= PROBLEM STATEMENT =
Only the lines below starting at the one that contains "potato mascot pointing top left vector" and ending at the one that contains "For Apple IPAKY" are to be reproduced, exactly and with both ends kept.

(Dataset entries)
*** Block opens ***

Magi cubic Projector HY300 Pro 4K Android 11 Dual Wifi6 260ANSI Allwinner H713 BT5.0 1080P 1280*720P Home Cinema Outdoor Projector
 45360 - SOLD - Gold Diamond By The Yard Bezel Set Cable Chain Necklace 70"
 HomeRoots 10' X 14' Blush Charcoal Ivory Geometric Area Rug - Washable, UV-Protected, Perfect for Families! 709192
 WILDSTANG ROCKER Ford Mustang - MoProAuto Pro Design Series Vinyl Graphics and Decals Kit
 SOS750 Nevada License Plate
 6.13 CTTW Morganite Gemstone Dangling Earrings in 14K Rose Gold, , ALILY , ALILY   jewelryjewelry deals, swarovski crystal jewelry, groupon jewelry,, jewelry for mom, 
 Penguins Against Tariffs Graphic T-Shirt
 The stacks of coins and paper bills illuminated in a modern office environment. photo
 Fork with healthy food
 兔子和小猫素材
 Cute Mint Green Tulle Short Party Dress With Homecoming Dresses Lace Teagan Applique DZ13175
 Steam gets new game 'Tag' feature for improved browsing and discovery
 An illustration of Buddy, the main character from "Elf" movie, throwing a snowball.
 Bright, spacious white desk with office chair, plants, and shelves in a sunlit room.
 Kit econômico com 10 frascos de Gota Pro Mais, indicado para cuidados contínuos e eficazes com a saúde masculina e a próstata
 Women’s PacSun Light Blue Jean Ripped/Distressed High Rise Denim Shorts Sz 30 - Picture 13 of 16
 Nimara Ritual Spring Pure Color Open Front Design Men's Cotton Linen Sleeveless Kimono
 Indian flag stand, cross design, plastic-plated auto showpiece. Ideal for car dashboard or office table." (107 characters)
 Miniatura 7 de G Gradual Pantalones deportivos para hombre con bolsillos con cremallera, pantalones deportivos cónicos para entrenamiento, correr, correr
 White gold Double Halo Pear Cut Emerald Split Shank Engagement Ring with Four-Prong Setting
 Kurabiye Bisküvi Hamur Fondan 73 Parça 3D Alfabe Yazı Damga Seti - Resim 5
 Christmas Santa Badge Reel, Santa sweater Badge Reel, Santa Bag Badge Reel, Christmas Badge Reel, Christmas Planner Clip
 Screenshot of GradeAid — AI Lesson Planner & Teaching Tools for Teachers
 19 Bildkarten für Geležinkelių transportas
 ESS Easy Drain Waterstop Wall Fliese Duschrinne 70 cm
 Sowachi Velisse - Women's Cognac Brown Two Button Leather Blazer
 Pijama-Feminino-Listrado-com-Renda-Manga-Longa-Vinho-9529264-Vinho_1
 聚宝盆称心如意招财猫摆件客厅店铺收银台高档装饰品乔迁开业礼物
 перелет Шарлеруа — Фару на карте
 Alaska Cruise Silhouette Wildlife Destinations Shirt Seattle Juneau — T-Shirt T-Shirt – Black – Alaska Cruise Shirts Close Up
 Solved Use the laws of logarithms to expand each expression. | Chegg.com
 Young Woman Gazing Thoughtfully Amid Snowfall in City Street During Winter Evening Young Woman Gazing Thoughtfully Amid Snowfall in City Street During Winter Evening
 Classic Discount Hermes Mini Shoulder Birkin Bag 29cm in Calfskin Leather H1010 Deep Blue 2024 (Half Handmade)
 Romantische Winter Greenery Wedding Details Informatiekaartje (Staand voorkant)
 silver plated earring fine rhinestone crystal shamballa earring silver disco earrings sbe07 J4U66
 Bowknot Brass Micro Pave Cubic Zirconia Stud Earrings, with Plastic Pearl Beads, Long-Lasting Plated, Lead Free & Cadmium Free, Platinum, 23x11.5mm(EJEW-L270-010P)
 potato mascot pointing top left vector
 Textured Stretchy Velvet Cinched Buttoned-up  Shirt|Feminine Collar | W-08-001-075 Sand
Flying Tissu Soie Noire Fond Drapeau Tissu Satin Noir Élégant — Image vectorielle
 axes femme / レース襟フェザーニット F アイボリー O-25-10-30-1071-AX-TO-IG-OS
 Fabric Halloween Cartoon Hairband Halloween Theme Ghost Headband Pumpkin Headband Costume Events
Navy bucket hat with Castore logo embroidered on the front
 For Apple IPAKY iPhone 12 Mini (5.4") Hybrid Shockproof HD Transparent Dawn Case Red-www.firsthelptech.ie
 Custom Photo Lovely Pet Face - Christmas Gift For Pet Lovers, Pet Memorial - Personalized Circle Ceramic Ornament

*** Block closes ***

= ANSWER TO THIS EXERCISE =
 potato mascot pointing top left vector
 Textured Stretchy Velvet Cinched Buttoned-up  Shirt|Feminine Collar | W-08-001-075 Sand
Flying Tissu Soie Noire Fond Drapeau Tissu Satin Noir Élégant — Image vectorielle
 axes femme / レース襟フェザーニット F アイボリー O-25-10-30-1071-AX-TO-IG-OS
 Fabric Halloween Cartoon Hairband Halloween Theme Ghost Headband Pumpkin Headband Costume Events
Navy bucket hat with Castore logo embroidered on the front
 For Apple IPAKY iPhone 12 Mini (5.4") Hybrid Shockproof HD Transparent Dawn Case Red-www.firsthelptech.ie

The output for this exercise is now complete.